日産自動車・金商法違反事件-法人処罰と役員の法的責任
日産元役員さんの刑事被告事件で、元役員の方に有罪判決が出ましたが、同時に法人としての日産にも有罪判決が出ました(罰金2億円)。判決文は読めておらず、ニュースで伝えられているところしかわかりませんが、法人に対しては「ガバナンスが機能していなかったこと」を理由として有罪判決が出たとのこと。また、日産は、この法人に下された有罪判決については、社内で検討したうえで控訴しないそうです。
ここで素朴な疑問ですが、この判決を受けて、日産は有価証券報告書の虚偽記載が行われた当時の取締役会構成員に対して損害賠償請求はしないのでしょうか。少なくとも、この罰金2億円については会社側の明確な損害が発生したものであり、「ガバナンスが機能しなかった」ことを理由とした有罪判決に対して控訴しないということであれば、自浄作用を発揮させることが現在の取締役には求められていると思うのですが(もし監査委員会が損害賠償を請求しないのであれば、株主代表訴訟が提起されるかもしれません)。

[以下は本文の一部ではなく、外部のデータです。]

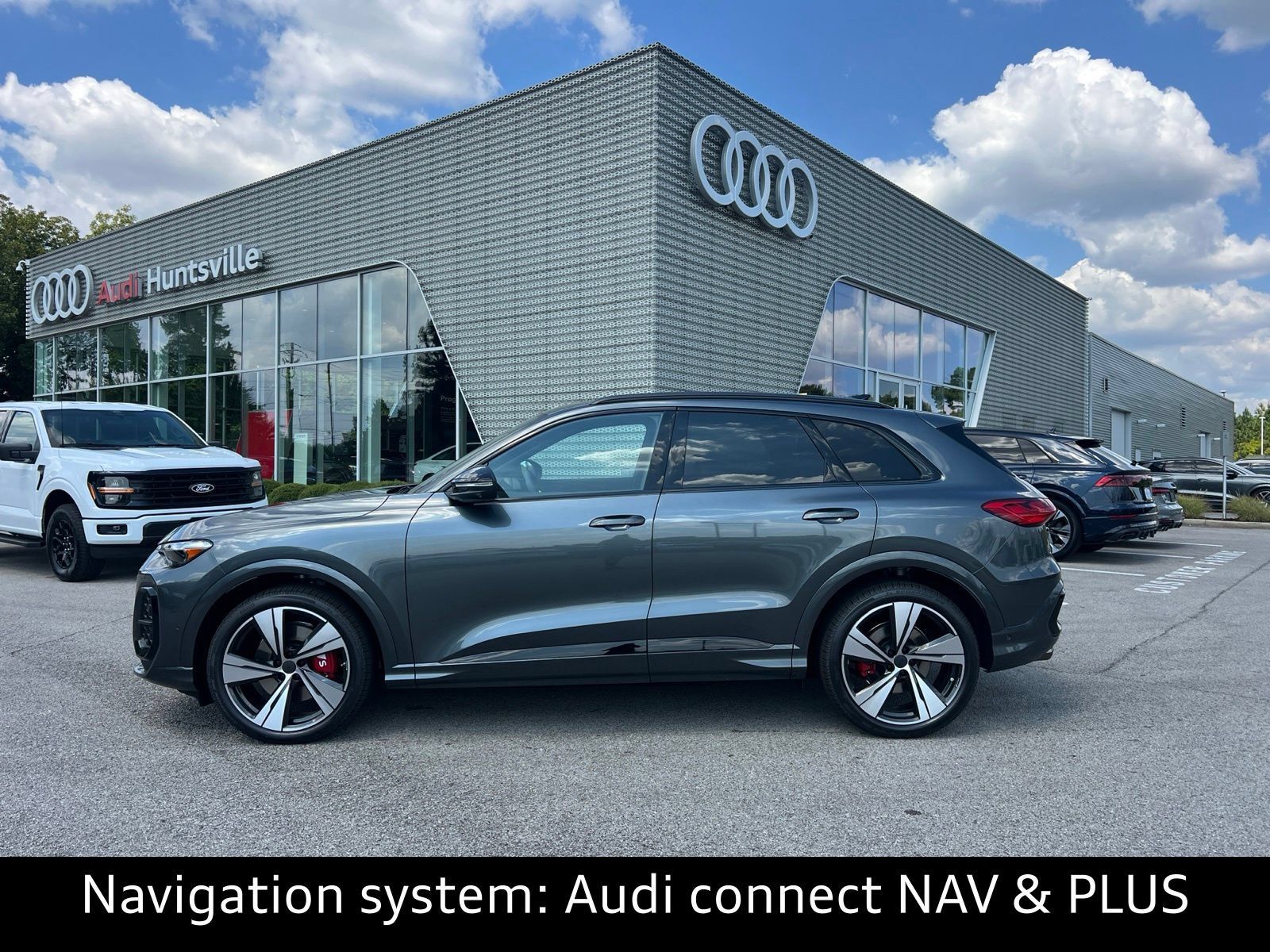 New 2026 Audi SQ5 Prestige AWD/4WD image 3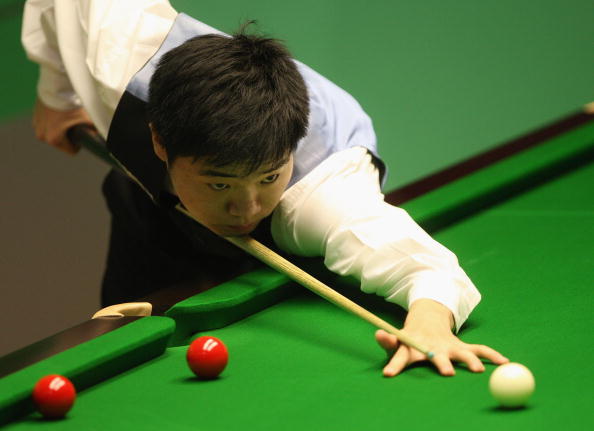 引擎上的排 引擎上的排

金商法違反に基づいて、法人に課徴金処分が課されることについては争わず、後日、法人を被告とする民事訴訟では違法行為を争うことについては「課徴金制度と民事賠償制度との趣旨が異なるために、問題なし」とされた裁判例はありますが、今回のような事例に関する裁判例はあるのでしょうかね?株主代表訴訟が提起された場合や金商法に基づく損害賠償請求訴訟が提起された場合、原告側は今回の裁判例をもとに不正行為当時の役員に対して監視義務違反がある、虚偽記載を防止するための相当な注意を尽くしていない、と主張するのではないかと思います。SMBC日興証券の金商法違反(相場操縦事件)についても、今後立件された場合には同様の疑問が生じるのではないかと。

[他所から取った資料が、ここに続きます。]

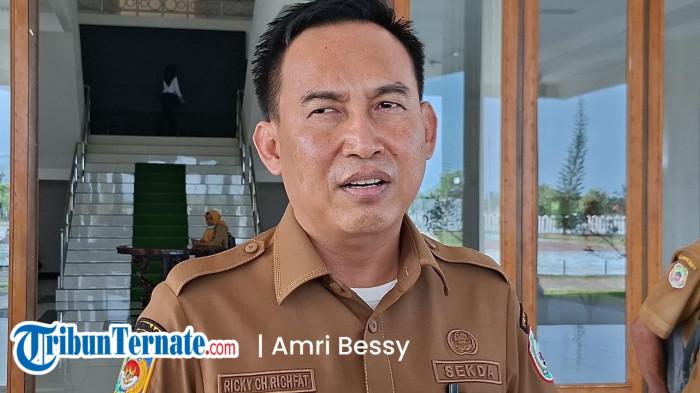 STATEMENT: Sekkab Halmahera Timur Ricky Chairul Richfat saat bersedia diwawancarai Tribunternate,com disela-sela kerjanya, Senin (2/2/2026)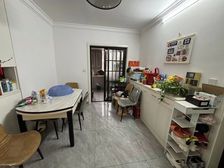两年精装修 多层4楼 有停车位 目前做三房40个精装修全送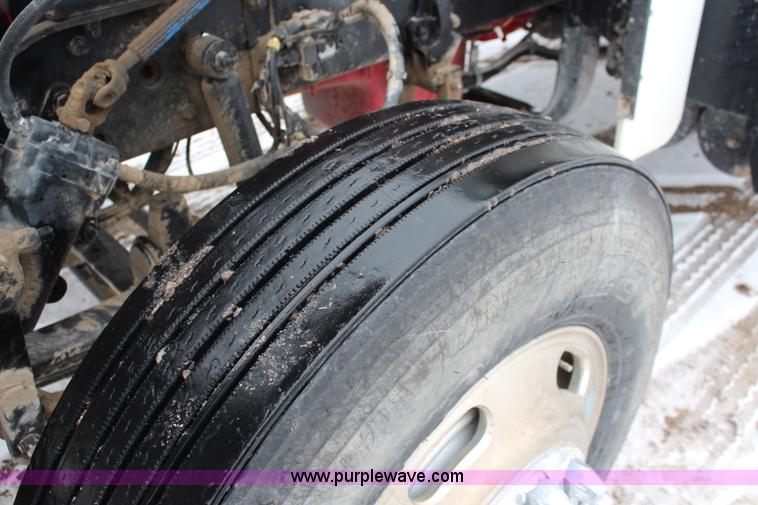 image for item K7027 2010 Kenworth W900 semi truck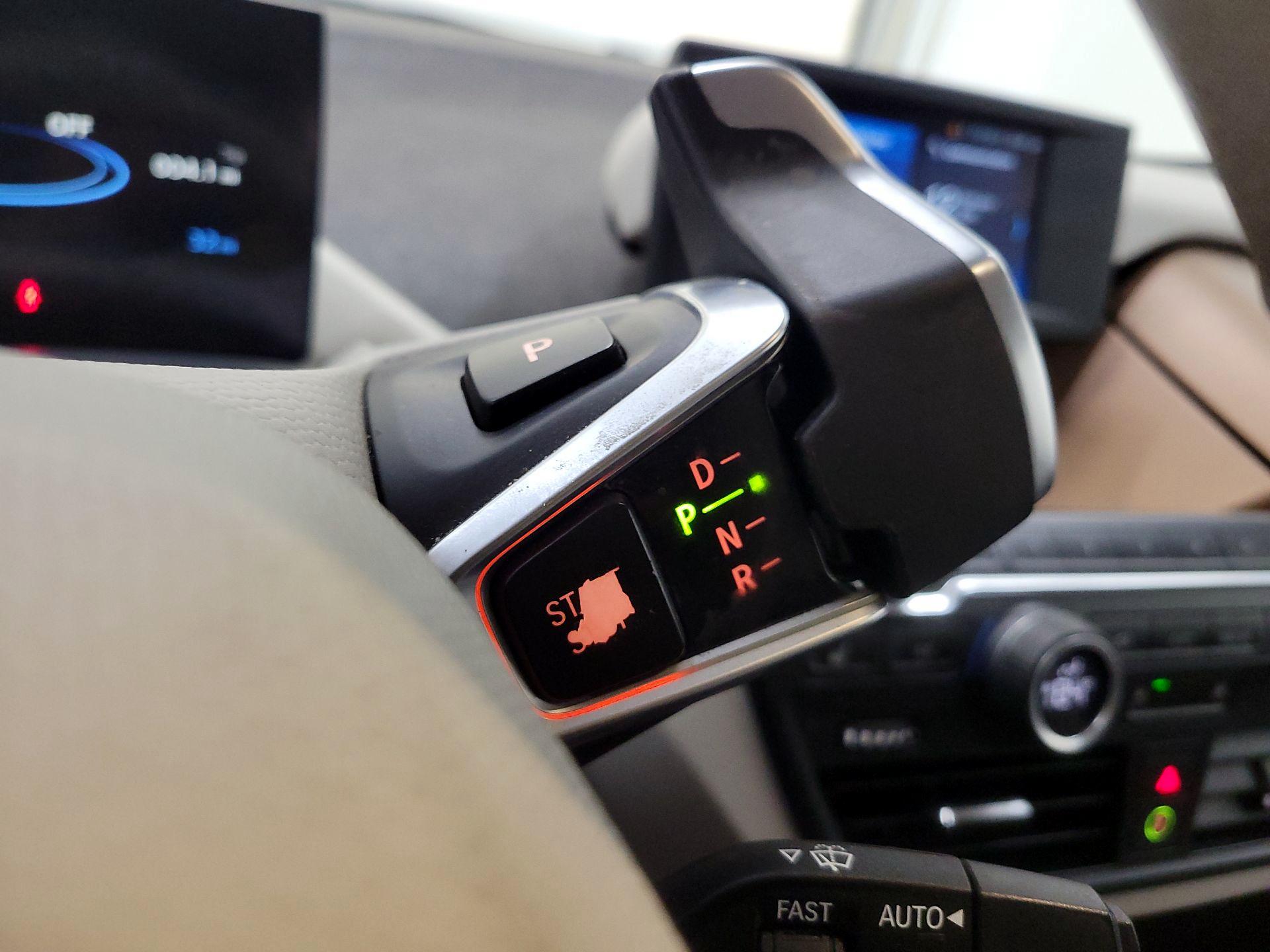 Thumbnail: 2019 BMW i3 - 18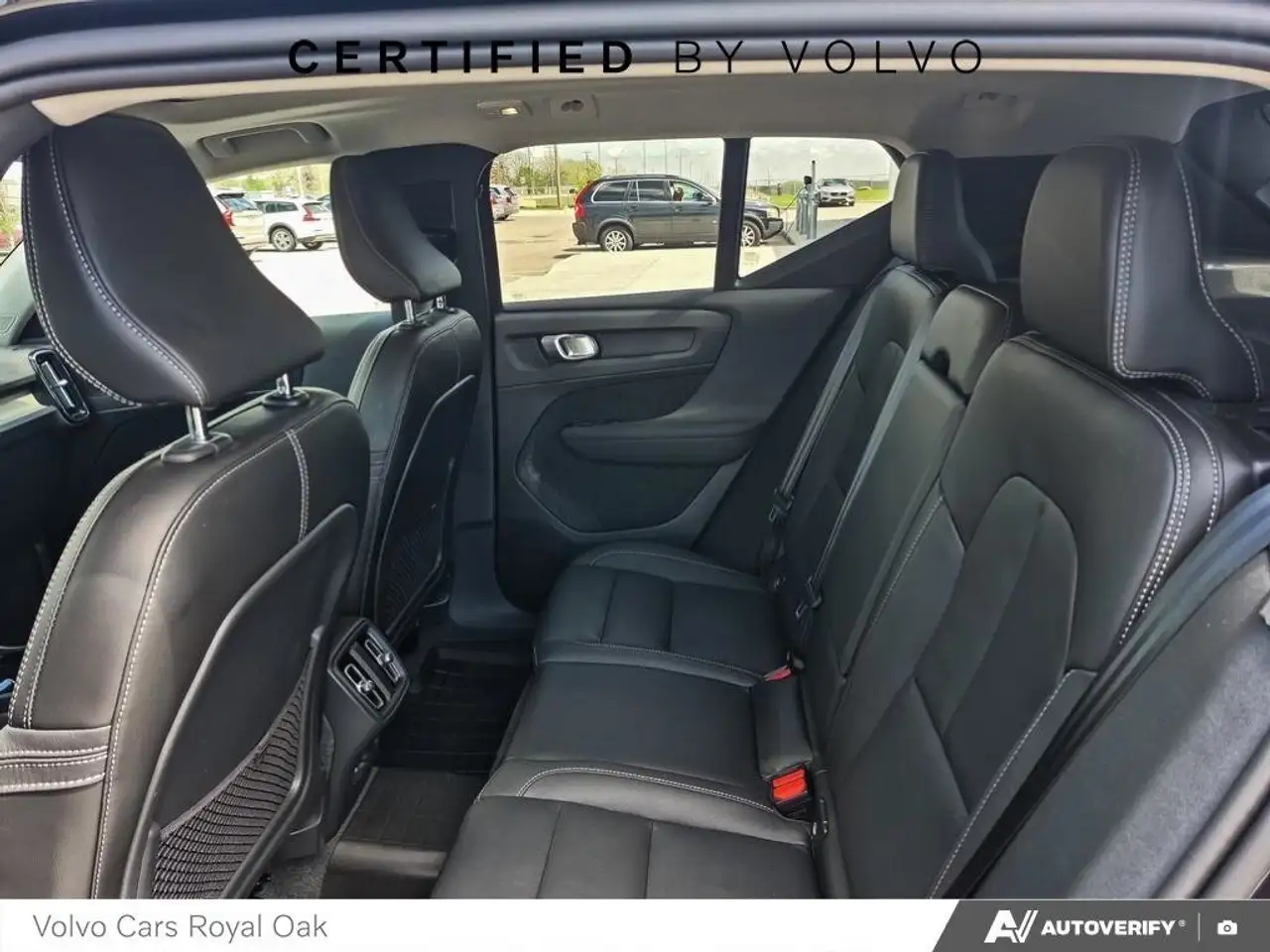 Volvo XC40 photo Volvo XC40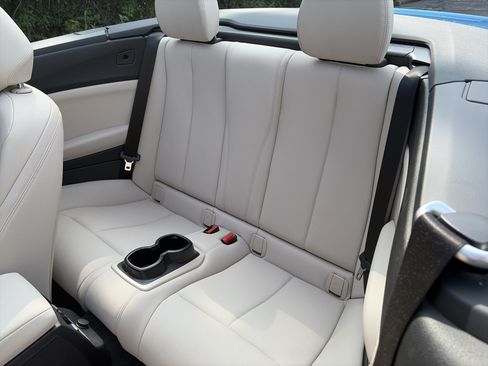 Used 2020 BMW 230i Convertible RWD image 20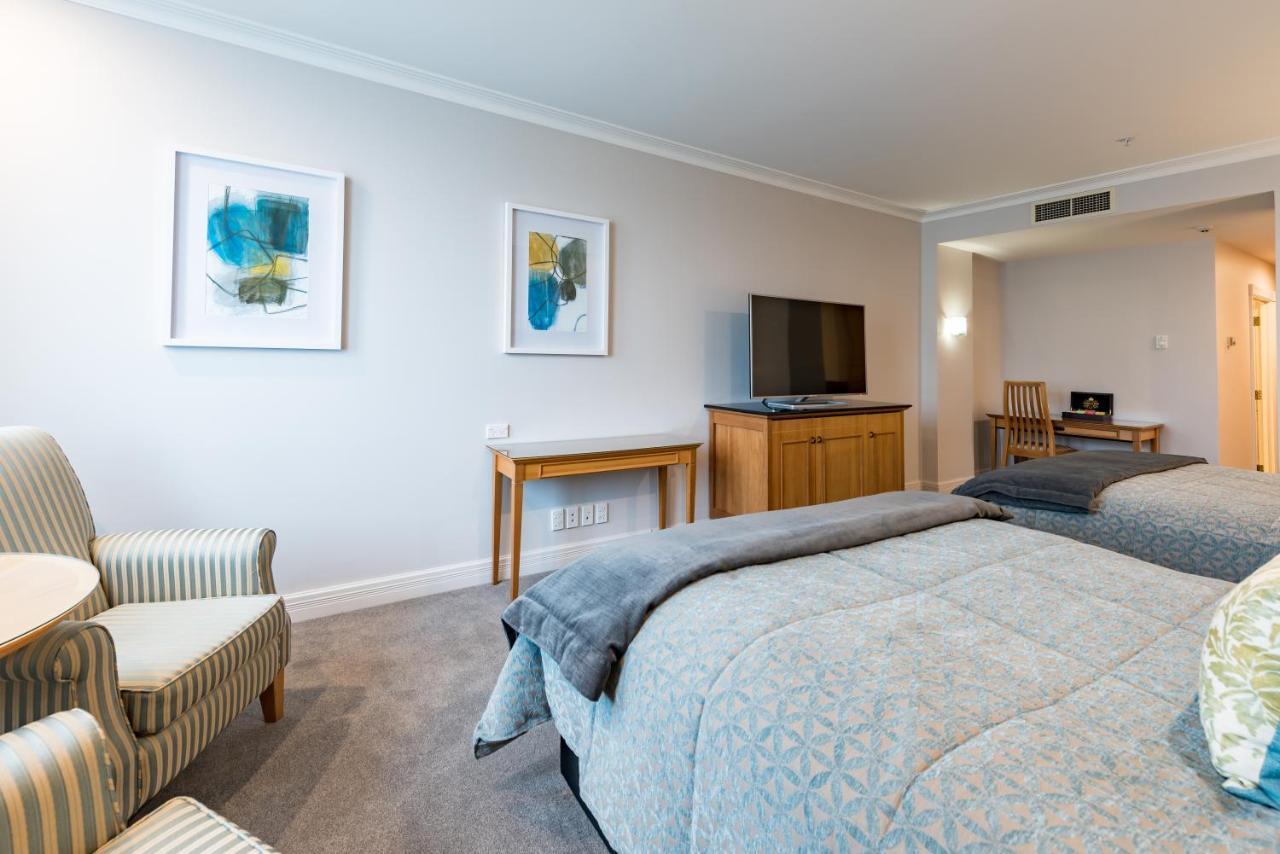 Standard Queen Room with Two Queen Beds,1221889165:JPEG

つまり、株主代表訴訟や開示規制違反(金商法違反)に対する賠償請求訴訟が提起される前にこそ、会社自身が当時の取締役、監査役(現在は指名委員会等設置会社ですが、以前は監査役設置会社でした)に損害賠償を求めるべきではないでしょうか。ただ、一方において、法人としての日産が罰金刑を受けるに至った端緒は、当時の取締役、監査役の方々の頑張り(司法取引に応じることも含めて)によるところであり、その頑張りがなければ今回の立件すらなかったわけですから、いわば「功労者に対して現経営陣が弓を引く」ということが果たして妥当と言えるのかどうか。

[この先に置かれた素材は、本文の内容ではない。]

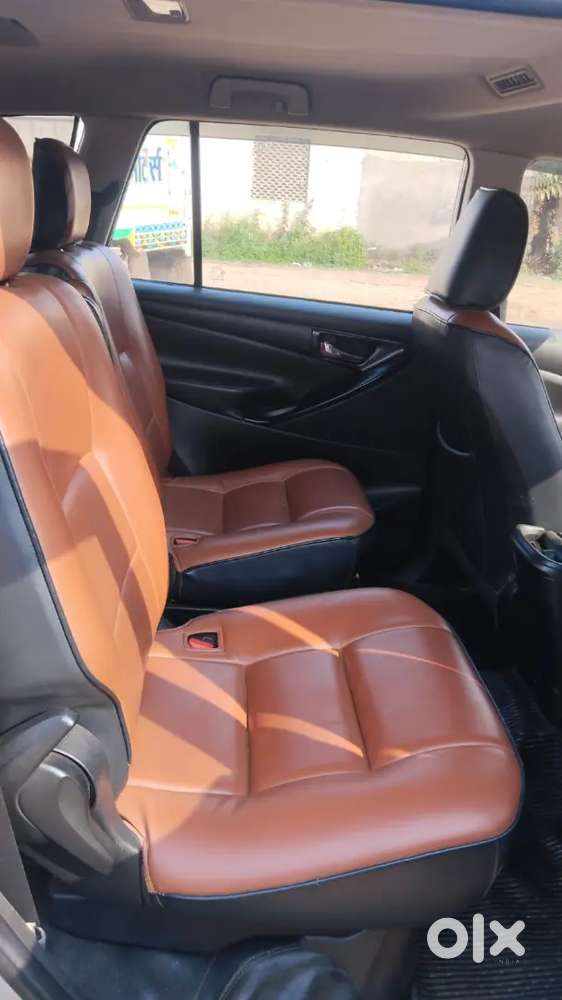 Toyota Innova Crysta 20 Diesel Well Maintained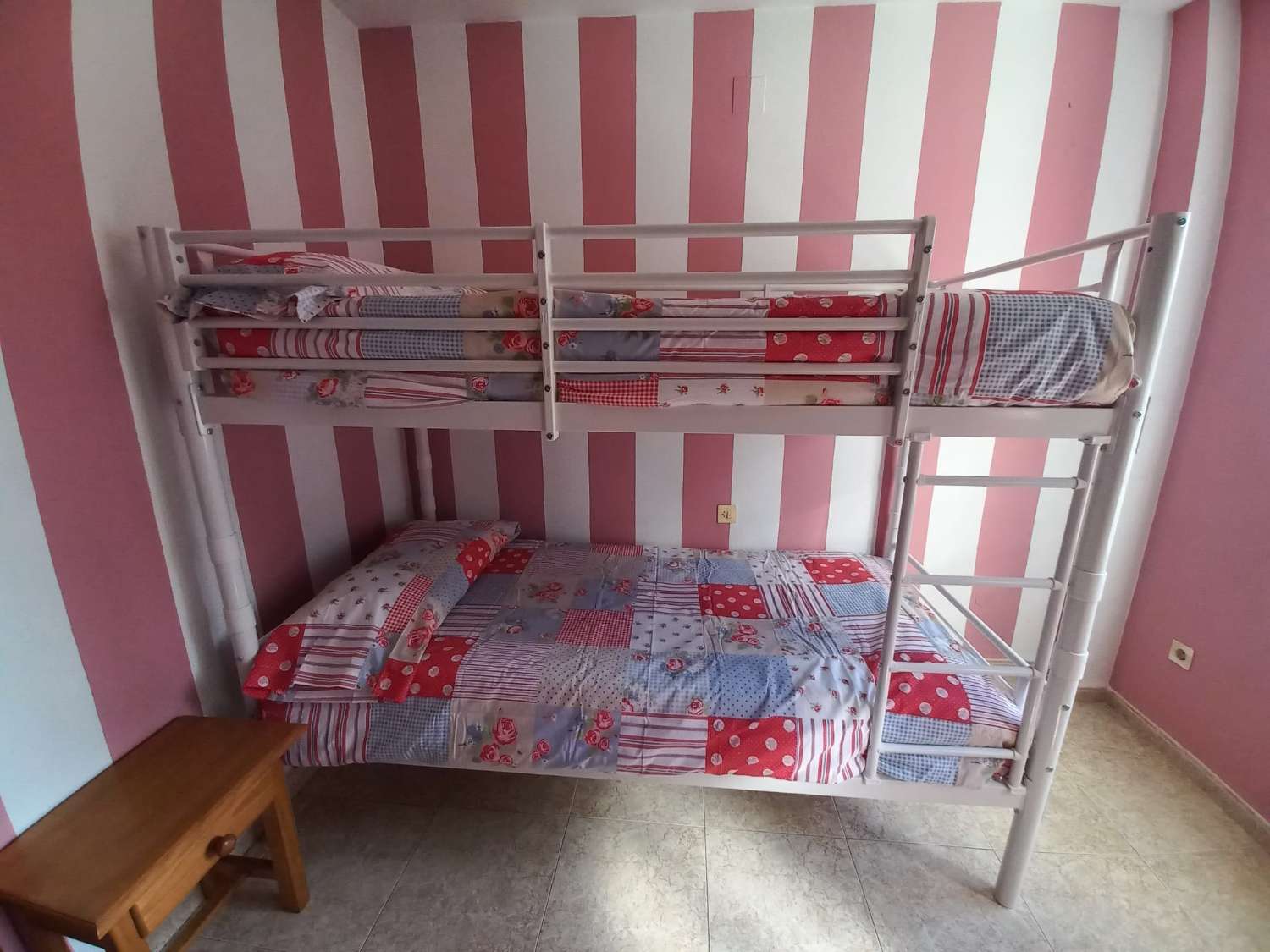 SE ALQUILA DESDE 1.9.26-30.6.27  BONITO APARTAMENTO EN 2ª LINEA DE PLAYA CON VISTAS AL MAR EN BENALMADENA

両罰規定によって法人に多額の罰金が科される根拠というものが、いまひとつ理解できていないのですが、日本でも「金商法遵守に関するコンプライアンス・プログラム」のような平時からの経営者の取組みを(法人に罰金刑を課す際に)裁判所が評価する・斟酌する制度を採用したほうが、民事裁判への展開という意味においてはわかりやすいように思います。そのほうが役員の法的責任を考える際にも参考となる判断理由が明確になるような気がします。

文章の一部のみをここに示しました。